━━━ INFORMATION SHOWN ━━━
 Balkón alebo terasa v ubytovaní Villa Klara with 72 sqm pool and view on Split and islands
━━━
━━━ INFORMATION SHOWN ━━━
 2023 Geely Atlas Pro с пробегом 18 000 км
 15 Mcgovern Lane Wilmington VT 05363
━━━
━━━ INFORMATION SHOWN ━━━
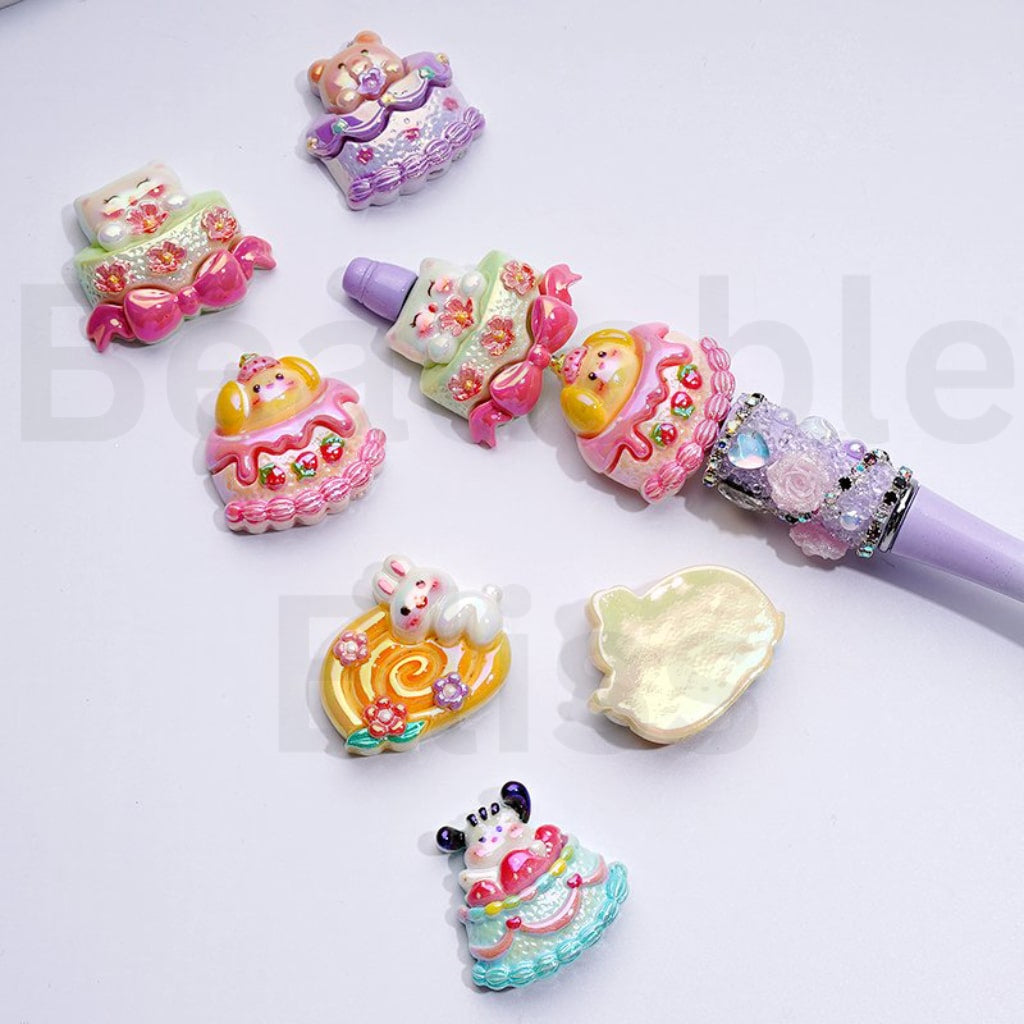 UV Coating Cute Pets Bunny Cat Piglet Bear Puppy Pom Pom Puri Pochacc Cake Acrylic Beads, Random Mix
━━━
| WHAT THE EXERCISE ASKS |
Nothing but the lines above from the one containing "2023 Geely Atlas Pro с пробегом 18 000 км" through the one containing "15 Mcgovern Lane Wilmington VT 05363" should appear in the answer, each repeated exactly.

| EXERCISE RESPONSE |
 2023 Geely Atlas Pro с пробегом 18 000 км
 15 Mcgovern Lane Wilmington VT 05363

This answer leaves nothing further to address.